# The task:
Check each line below for the word "cuyo", and copy those that have it.

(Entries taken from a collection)
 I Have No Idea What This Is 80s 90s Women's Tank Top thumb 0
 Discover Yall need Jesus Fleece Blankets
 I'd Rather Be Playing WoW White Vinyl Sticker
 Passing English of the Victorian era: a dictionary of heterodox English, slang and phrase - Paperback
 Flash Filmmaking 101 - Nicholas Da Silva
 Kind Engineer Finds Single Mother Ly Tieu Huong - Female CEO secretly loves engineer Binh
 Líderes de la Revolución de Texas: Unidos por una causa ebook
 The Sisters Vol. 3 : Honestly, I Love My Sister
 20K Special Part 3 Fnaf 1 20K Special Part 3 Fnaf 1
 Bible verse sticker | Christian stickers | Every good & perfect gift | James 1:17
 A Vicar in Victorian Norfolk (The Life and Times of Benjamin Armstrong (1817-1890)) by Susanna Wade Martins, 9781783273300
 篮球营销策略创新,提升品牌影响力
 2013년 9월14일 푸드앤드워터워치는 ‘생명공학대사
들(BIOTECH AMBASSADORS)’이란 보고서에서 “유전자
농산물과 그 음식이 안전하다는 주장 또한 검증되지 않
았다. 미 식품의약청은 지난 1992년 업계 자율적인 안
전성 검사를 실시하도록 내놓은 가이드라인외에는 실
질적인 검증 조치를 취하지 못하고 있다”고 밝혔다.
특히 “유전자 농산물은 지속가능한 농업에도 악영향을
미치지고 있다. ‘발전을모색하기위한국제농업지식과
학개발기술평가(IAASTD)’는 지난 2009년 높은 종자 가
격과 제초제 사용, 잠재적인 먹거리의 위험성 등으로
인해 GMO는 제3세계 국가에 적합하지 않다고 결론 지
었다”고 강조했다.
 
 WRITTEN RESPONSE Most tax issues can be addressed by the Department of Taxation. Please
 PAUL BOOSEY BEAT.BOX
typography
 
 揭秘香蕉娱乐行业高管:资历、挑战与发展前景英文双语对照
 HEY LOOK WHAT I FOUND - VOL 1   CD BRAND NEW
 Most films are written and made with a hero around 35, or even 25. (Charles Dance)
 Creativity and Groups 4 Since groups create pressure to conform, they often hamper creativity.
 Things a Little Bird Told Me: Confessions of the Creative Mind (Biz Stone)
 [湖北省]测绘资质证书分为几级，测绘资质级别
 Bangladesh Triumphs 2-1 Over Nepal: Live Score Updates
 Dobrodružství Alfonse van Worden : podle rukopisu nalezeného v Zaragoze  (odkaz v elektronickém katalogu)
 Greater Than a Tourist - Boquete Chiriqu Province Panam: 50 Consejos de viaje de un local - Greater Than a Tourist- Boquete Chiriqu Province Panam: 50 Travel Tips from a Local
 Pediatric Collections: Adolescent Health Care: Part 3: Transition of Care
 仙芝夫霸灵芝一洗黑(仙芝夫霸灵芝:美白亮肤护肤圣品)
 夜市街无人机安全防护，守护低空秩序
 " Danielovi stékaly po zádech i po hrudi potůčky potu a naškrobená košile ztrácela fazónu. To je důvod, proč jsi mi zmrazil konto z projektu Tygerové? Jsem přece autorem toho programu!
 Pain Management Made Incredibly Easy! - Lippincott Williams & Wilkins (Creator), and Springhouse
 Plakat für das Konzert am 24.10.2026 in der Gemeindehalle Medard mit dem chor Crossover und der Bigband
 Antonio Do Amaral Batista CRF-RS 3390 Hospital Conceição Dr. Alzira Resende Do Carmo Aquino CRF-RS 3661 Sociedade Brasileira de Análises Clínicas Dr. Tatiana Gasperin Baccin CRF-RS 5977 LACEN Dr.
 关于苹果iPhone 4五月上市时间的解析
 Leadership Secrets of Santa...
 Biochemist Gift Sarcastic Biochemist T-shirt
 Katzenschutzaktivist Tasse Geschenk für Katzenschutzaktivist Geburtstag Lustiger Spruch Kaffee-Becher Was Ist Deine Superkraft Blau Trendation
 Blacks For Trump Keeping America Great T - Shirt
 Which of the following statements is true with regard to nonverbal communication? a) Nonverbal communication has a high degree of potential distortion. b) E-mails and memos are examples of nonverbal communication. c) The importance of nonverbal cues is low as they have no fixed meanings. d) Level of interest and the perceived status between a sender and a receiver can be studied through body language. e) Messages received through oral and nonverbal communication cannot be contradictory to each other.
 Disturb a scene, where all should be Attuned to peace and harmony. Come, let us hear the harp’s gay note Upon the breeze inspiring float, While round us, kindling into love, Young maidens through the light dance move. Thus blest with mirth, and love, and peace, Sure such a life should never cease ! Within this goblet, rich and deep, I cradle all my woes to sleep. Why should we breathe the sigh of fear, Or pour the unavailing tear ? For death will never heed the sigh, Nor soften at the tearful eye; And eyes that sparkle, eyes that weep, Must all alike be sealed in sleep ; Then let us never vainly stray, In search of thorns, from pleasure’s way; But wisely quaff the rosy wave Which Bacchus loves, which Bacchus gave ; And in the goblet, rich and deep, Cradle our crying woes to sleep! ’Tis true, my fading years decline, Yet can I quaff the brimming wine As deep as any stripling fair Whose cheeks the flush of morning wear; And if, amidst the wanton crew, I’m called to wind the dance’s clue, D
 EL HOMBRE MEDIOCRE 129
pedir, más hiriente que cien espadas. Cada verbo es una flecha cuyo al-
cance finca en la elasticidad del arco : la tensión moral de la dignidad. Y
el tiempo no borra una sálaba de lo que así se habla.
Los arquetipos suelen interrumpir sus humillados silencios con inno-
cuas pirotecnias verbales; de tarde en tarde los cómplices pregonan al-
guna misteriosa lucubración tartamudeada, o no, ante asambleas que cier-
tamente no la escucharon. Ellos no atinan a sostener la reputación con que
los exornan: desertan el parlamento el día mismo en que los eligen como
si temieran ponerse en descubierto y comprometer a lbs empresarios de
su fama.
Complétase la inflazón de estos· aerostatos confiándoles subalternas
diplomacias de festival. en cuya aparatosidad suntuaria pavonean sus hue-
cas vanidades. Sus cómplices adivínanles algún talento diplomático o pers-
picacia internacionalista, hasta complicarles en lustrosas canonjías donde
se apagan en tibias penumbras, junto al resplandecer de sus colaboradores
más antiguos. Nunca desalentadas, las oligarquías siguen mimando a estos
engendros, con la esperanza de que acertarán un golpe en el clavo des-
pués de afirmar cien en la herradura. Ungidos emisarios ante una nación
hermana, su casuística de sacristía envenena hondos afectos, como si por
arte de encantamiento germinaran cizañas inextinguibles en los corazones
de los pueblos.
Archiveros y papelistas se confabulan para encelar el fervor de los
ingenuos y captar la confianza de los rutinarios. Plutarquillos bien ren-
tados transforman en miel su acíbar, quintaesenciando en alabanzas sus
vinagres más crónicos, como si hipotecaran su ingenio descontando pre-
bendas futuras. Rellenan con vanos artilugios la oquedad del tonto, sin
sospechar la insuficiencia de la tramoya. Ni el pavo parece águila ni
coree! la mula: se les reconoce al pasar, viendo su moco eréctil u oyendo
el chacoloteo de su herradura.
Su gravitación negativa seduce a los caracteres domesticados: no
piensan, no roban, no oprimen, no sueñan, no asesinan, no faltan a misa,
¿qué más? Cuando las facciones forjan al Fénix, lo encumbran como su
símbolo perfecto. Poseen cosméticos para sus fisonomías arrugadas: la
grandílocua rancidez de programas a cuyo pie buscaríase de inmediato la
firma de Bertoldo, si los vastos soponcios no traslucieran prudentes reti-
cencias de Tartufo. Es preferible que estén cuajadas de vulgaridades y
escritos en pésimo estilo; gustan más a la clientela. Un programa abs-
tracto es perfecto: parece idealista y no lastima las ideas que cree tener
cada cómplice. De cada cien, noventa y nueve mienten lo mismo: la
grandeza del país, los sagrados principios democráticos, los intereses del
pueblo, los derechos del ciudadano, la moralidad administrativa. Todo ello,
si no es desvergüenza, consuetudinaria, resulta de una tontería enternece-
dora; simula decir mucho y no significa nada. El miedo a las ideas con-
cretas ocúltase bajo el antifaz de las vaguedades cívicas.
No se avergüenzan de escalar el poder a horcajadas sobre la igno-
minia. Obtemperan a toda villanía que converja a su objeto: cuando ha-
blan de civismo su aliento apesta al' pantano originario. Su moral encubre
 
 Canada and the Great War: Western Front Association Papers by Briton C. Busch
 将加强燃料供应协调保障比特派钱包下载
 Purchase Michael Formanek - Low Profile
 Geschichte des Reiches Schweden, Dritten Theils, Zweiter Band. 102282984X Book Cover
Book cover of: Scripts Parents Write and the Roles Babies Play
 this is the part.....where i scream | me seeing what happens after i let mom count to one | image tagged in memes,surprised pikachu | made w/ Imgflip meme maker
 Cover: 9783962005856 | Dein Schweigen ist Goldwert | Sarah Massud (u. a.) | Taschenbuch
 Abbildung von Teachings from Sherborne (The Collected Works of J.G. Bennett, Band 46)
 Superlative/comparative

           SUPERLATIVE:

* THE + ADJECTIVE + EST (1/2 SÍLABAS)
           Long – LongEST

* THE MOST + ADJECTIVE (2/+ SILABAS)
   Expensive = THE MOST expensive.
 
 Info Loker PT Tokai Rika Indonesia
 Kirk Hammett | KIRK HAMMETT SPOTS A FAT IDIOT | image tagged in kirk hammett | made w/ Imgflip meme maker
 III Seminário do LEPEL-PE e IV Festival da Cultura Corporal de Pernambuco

# Written response:
pedir, más hiriente que cien espadas. Cada verbo es una flecha cuyo al-
grandílocua rancidez de programas a cuyo pie buscaríase de inmediato la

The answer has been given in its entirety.